To be eligible to receive a competitive grant under subsection (a), an agency or organization shall submit an application to the Attorney General at such time, in such manner, and containing such information as the Attorney General may require, including, at a minimum, an assurance that the agency or organization will obtain and use assistance from private nonprofit organizations to support the program. The Attorney General shall periodically solicit applications for grants under this section by publishing a request for applications in the Federal Register and by posting such a request on the website of the Department of Justice.
In awarding grants under subsection (a)(1), the Attorney General shall give preference to law enforcement or public safety agencies that partner with nonprofit organizations that appropriately use person-centered plans minimizing restrictive interventions and that have a direct link to individuals, and families of individuals, with forms of dementia, such as Alzheimer’s Disease, or developmental disabilities, such as autism.
There are authorized to be appropriated to carry out this section $2,000,000 for each of fiscal years 2018 through 2022.

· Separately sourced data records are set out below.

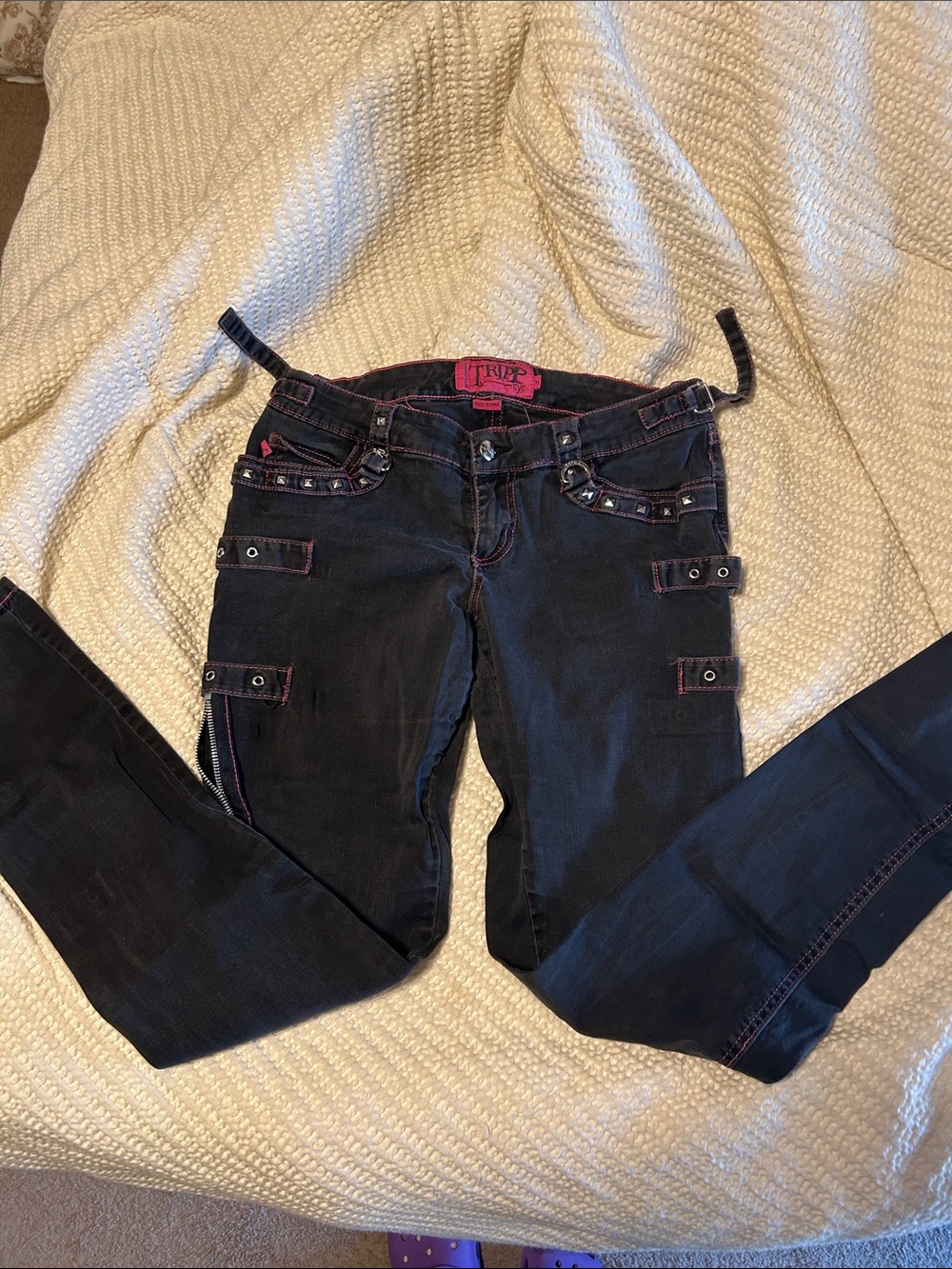 Vintage Tripp NYC Black Skinny Cargo Jeans with Pink Contrast Stitching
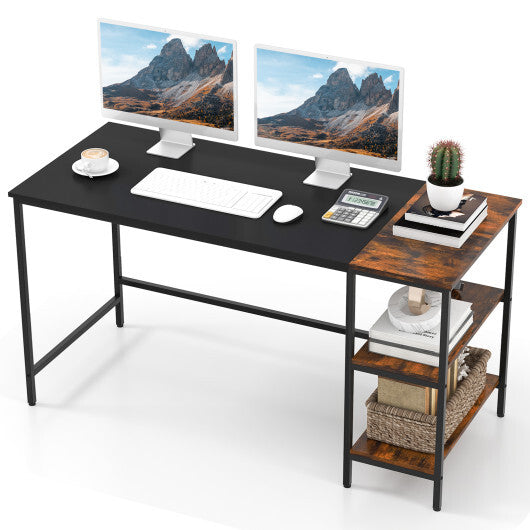 55 Inch Modern Industrial Style Study Writing Desk with 2 Storage Shelves-Brown LuxuryLifeWay Online Store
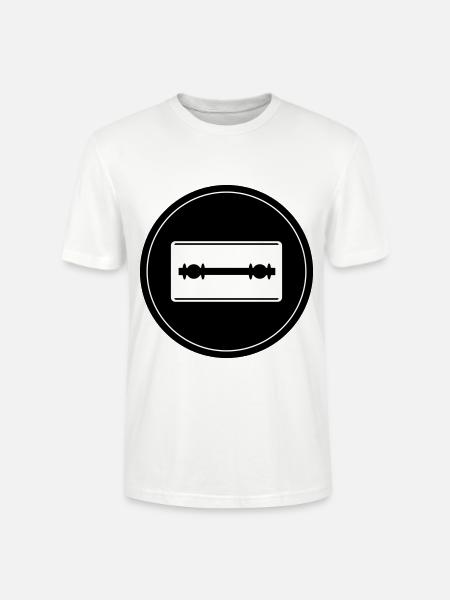 Razor Blade Icon Circle - Stanley/Stella CRAFTER Unisex Organic T-Shirt - white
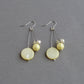 Pastel yellow pearl drop earrings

In this paragraph, the term “unresolved audit finding” means a finding in the final audit report of the Inspector General of the Department of Justice that the audited grantee has utilized grant funds for an unauthorized expenditure or otherwise unallowable cost that is not closed or resolved within 12 months from the date when the final audit report is issued.
Beginning in the first fiscal year beginning after March 23, 2018, and in each fiscal year thereafter, the Inspector General of the Department of Justice shall conduct audits of recipients of grants under this section to prevent waste, fraud, and abuse of funds by grantees. The Inspector General shall determine the appropriate number of grantees to be audited each year.
A recipient of grant funds under this section that is found to have an unresolved audit finding shall not be eligible to receive grant funds under this section during the first 2 fiscal years beginning after the end of the 12-month period described in subparagraph (A).
In awarding grants under this section, the Attorney General shall give priority to eligible applicants that did not have an unresolved audit finding during the 3 fiscal years before submitting an application for a grant under this section.
Each nonprofit organization that is awarded a grant under this section and uses the procedures prescribed in regulations to create a rebuttable presumption of reasonableness for the compensation of its officers, directors, trustees, and key employees, shall disclose to the Attorney General, in the application for the grant, the process for determining such compensation, including the independent persons involved in reviewing and approving such compensation, the comparability data used, and contemporaneous substantiation of the deliberation and decision. Upon request, the Attorney General shall make the information disclosed under this subparagraph available for public inspection.
No amounts made available to the Department of Justice under this section may be used by the Attorney General, or by any individual or entity awarded discretionary funds through a cooperative agreement under this section, to host or support any expenditure for conferences that uses more than $20,000 in funds made available by the Department of Justice, unless the head of the relevant agency or department, provides prior written authorization that the funds may be expended to host the conference.
Written approval under subparagraph (A) shall include a written estimate of all costs associated with the conference, including the cost of all food, beverages, audio-visual equipment, honoraria for speakers, and entertainment.
The Deputy Attorney General shall submit an annual report to the Committee on the Judiciary of the Senate and the Committee on the Judiciary of the House of Representatives on all conference expenditures approved under this paragraph.